• **Work order**:
Print the records below word for word, but leave out the pictures.

[Brief descriptive captions]
**********

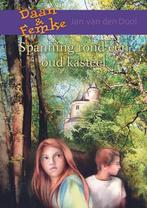 Spanning rond een oud kasteel Jan van den Dool 9789059522589, Ophalen of Verzenden, Zo goed als nieuw, Jan van den Dool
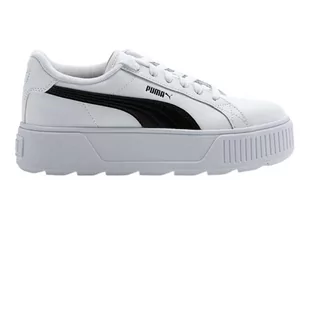 Buty do chodzenia damskie Puma Karmen - Buty trekkingowe damskie - miniaturka - grafika 1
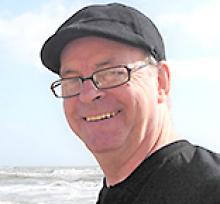 SIDNEY RAMM  Obituary pic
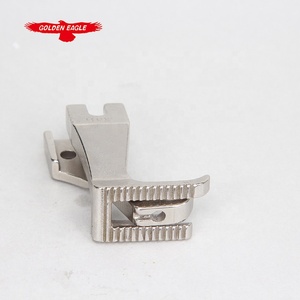 Machine à coudre pour matériaux épais pied de <span class=keywords><strong>pression</strong></span> plat bilatéral U192/U193 - Product Image 4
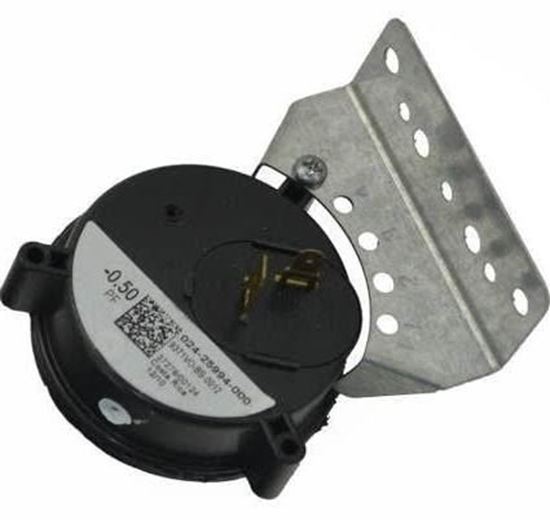 Picture of .50"WC SPNO Close On Fall # Sw For York Part# S1-024-25994-000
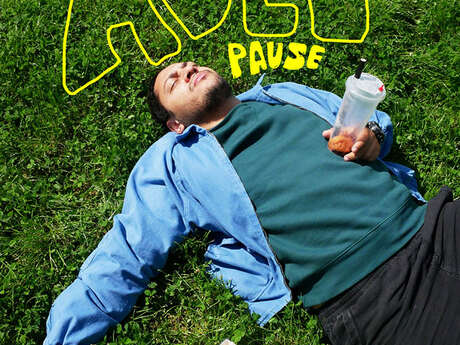 Adel Fugazi - Pause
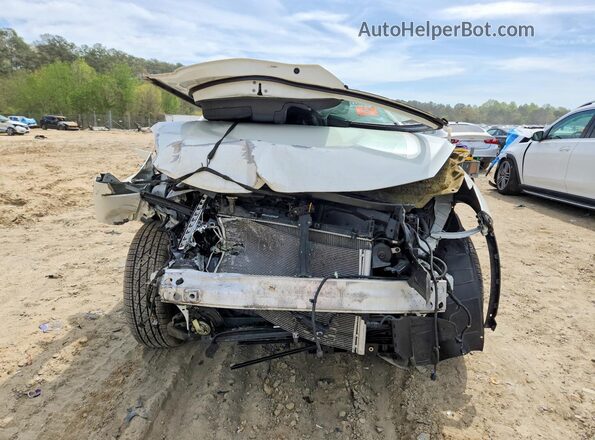 5N1AZ2MS7KN117481 2019 NISSAN MURANO White Vista frontal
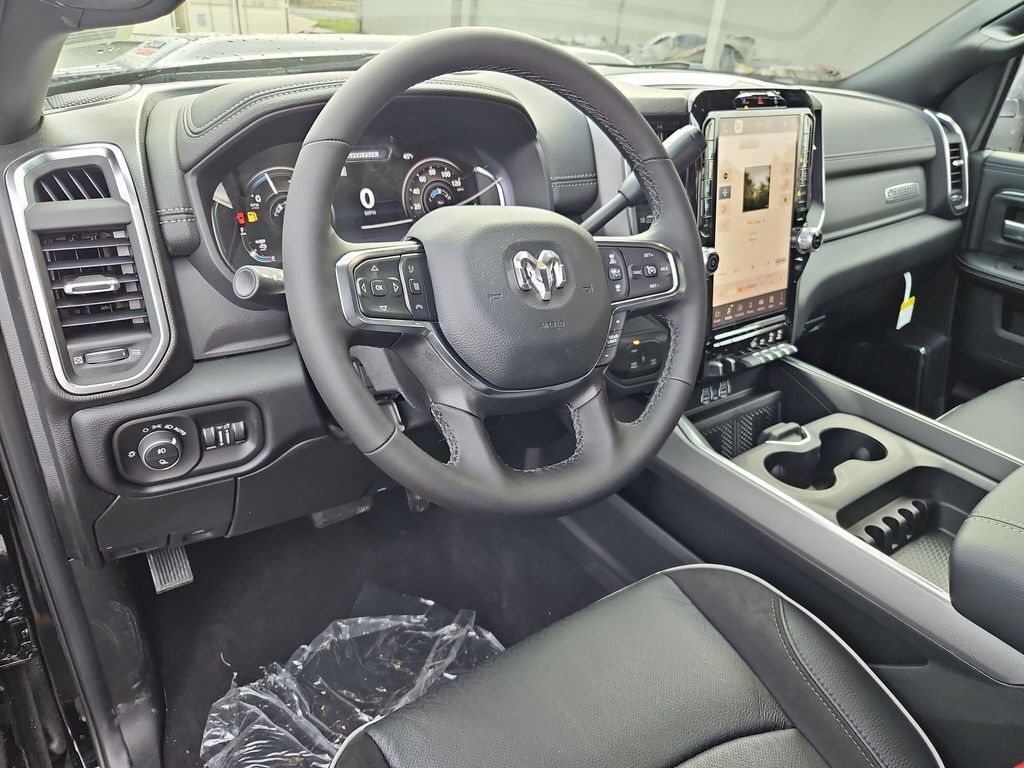 2026 Ram 2500 Laramie Gresham OR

**********

• **Expected answer**:
 Spanning rond een oud kasteel Jan van den Dool 9789059522589, Ophalen of Verzenden, Zo goed als nieuw, Jan van den Dool
 Buty do chodzenia damskie Puma Karmen - Buty trekkingowe damskie - miniaturka - grafika 1
 SIDNEY RAMM  Obituary pic
 Machine à coudre pour matériaux épais pied de <span class=keywords><strong>pression</strong></span> plat bilatéral U192/U193 - Product Image 4
 Picture of .50"WC SPNO Close On Fall # Sw For York Part# S1-024-25994-000
 Adel Fugazi - Pause
 5N1AZ2MS7KN117481 2019 NISSAN MURANO White Vista frontal
 2026 Ram 2500 Laramie Gresham OR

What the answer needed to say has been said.